Improved Community Detection using Stochastic Block Models
Minhyuk Park, Daniel Wang Feng, Siya Digra, The-Anh Vu-Le, George Chacko, Tandy Warnow
TL;DR
This work investigates the tendency of stochastic block models (SBMs) to produce disconnected clusters on large real-world and synthetic networks. It introduces simple post-processing strategies—Connected Components (CC), Well-Connected Clusters (WCC), and the Connectivity Modifier (CM)—to enforce edge-connectivity and improve clustering quality. Across 122 real networks and numerous synthetic LFR benchmarks, CC and especially WCC enhance accuracy metrics such as ARI, AMI, and NMI, while maintaining reasonable coverage; CM is more variable and can hurt performance. The findings provide practical, low-complexity remedies to bolster SBM-based community detection in large-scale graphs, with WCC recommended as the default post-processing step.
Abstract
Community detection approaches resolve complex networks into smaller groups (communities) that are expected to be relatively edge-dense and well-connected.

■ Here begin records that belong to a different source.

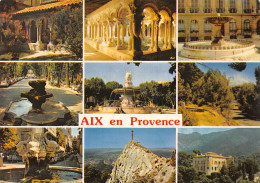 13-AIX EN PROVENCE-N°T2678-D/0091 - Aix En Provence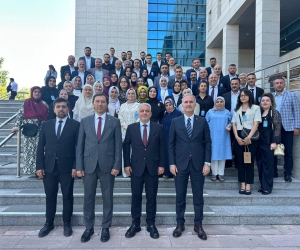 AK Parti İnegöl'den TBMM'ye çıkarma 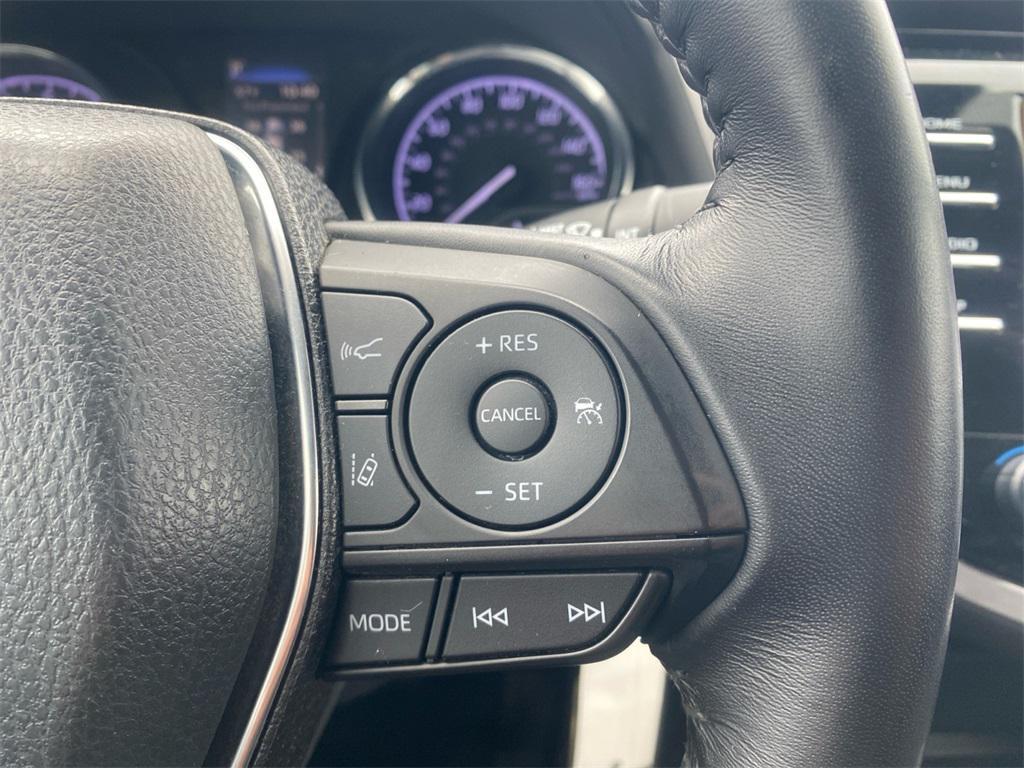used 2019 Toyota Camry car, priced at $18,772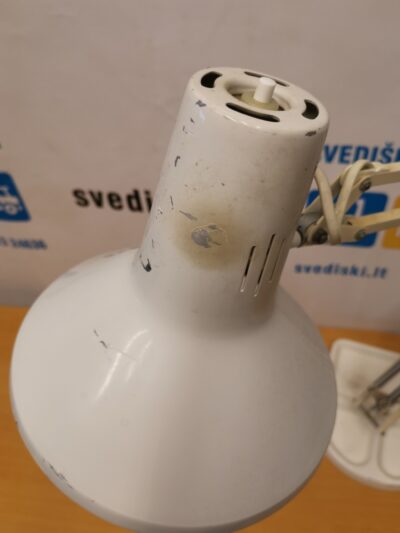 LEDU Pilkas Stalo Šviestuvas, Švedija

The stochastic block model (SBM) is one of several approaches used to uncover community structure in graphs. In this study, we demonstrate that SBM software applied to various real-world and synthetic networks produces poorly-connected to disconnected clusters. We present simple modifications to improve the connectivity of SBM clusters, and show that the modifications improve accuracy using simulated networks.